ST Group Makes History: First Traditional Company to Launch Fully On-Chain Blockchain IPO

In a landmark move for global finance, ST Group is set to become the world's first conventional company to conduct a fully on-chain initial public offering. The Toulouse-area firm will list its shares on April 9 via the Paris-based Lightning Stock Exchange (Lise), a platform built natively on blockchain under the EU's DLT Pilot Regime. This debut marks a pivotal step toward realizing tokenized capital markets, with Lise integrating ownership documentation, share issuance, and 24/7 near-instant settlement into a single system—a stark contrast to fragmented traditional exchanges.
A simpler path to going public
The CEO of Lise, Mark Kepeneghian, said ST Group would not have gone public through the normal route.
French officials have granted the site a license to use distributed ledger technology. To participate, investors must register, provide money that is automatically transformed into digital deposits, and then click to subscribe for shares.

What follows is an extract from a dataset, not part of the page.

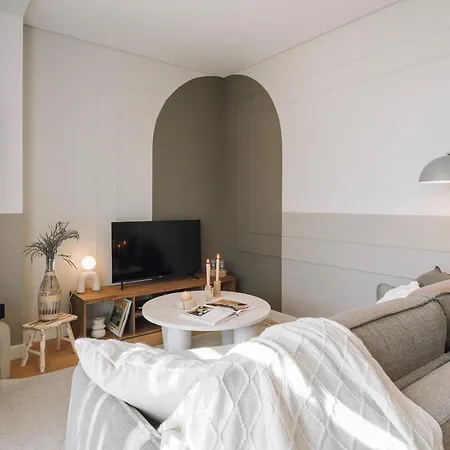 Cuore - 1 Bedroom And Terrace In Santo Antonio * ליסבון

The primary market has a one-share minimum buy-in and no custody or subscription fees. Because shares are distributed on a first-come, first-served basis, there are no gatekeepers or institutional favoritism, allowing ordinary investors to compete on an even playing field.
It is ahead of competitors in this market, according to Lise. Both the American firm Securitize and the Swiss SIX group have not yet completed a comparable entirely on-chain public offering.
In an attempt to show the scalability of the strategy, the platform plans to list three or four more companies by the end of 2026.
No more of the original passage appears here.